Yes, you can do that. It's a bit trickier than it sounds, but it's what
the Dinkum library does.

>
> If we do assembly level control of the library, then maybe something could be
> arranged to use weak refs again, as above.

Maybe. Where would you use them? And, of course, if you don't control
the linker and the linker on the platform that you're using doesn't
support weak references, this doesn't help.

--
Pete Becker
Dinkumware, Ltd.
http://www.dinkumware.com
---
[ comp.std.c++ is moderated.  To submit articles, try just posting with ]
[ your news-reader.  If that fails, use mailto:std-c++@ncar.ucar.edu    ]
[              --- Please see the FAQ before posting. ---               ]
[ FAQ: http://reality.sgi.com/austern_mti/std-c++/faq.html              ]





Author: "P.J. Plauger" <pjp@dinkumware.com>
Date: 1998/07/23
Raw View
bbrunswick@my-dejanews.com wrote in article <6p4cc4$u9f$1@nnrp1.dejanews.com>...
> Isn't it sufficient for the compiler to generate the vtbl filled with
> weak references, and then each virtual function call to use a symbol to
> get the offset in the vtbl that it should use.
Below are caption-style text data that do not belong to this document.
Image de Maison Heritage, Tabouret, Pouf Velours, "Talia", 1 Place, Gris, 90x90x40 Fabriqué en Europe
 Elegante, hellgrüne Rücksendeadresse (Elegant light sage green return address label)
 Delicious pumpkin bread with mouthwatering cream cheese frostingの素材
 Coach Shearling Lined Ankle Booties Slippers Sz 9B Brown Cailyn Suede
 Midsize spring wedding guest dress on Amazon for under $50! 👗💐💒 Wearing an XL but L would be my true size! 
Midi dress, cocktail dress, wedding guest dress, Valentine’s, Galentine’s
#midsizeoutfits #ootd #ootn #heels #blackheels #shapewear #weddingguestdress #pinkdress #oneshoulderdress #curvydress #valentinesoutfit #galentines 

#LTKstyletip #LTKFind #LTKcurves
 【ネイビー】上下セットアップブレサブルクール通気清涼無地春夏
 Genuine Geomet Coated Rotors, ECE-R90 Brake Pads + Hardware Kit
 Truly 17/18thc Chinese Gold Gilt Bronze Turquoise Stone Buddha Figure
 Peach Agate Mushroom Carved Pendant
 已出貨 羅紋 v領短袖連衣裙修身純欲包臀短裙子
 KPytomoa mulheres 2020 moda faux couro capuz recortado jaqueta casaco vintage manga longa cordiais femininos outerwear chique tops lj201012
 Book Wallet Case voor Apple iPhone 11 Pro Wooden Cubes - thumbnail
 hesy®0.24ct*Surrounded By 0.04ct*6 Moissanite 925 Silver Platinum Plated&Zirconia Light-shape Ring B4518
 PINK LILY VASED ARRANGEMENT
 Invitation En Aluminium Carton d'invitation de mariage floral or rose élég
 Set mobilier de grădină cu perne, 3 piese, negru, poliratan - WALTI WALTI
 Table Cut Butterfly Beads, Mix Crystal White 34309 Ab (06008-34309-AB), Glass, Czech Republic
Those symbols get defined
> with the virtual function definition, meaning its only pulled in if needed.

I'm shooting from the hip here, but it seems to me that all you can tell
by this ruse is whether *at least one* version of a virtual function gets
called, but not *which one*. So you have to load 'em all. Still, you do
eliminate a virtual that doesn't get called in any flavor.

> Pruning facets is also fairly straight forward isn't it, at the cost of some
> bloat in use_facet? We can simply fill the slots in the locale with dummy
> values, and have the appropriate specialisation of use_facet convert these to
> the real functions, so those functions are only pulled in if that use_facet
> call is ever made. I imagine the (inlined) use_facet call maybe checking if
> the pointer is a magic small integer (non-portable, but we are the system
> library) and if so looking the proper value up in a static table. (which
> pulls in the real functions)

See <xlocale> in VC++ V5.0. You will find a mechanism very similar to
what you've described. It has been available in production code since V4.2
shipped in 1996. I first described the technique in print in my monthly
column ``State of the Art: Too Much of a Good Thing,'' Embedded Systems
Programming, July 1996.

And it still doesn't solve all of the ``problems with locale and its facets.''

> If we do assembly level control of the library, then maybe something could be
> arranged to use weak refs again, as above.

Yeah, maybe something could be arranged. That's an engineering spec if
ever I read one.

> Please tell me my understanding is lacking and that these are actually hard
> problems... its worrying if so much argument is going on over things that can
> be worked around easily.

You have some good insights into some of the issues, as have a number of
other contributors to this protracted thread. But they are still hard problems
and they are still not worked around easily. More important, these were
problems *that did not occur* in the Language Formerly Known as C++ that
inspired the invention called Standard C++. It is the latter creature that
vendors of commercial compilers (and the vendors behind the scenes who
supply good libraries for them) are now wrestling with.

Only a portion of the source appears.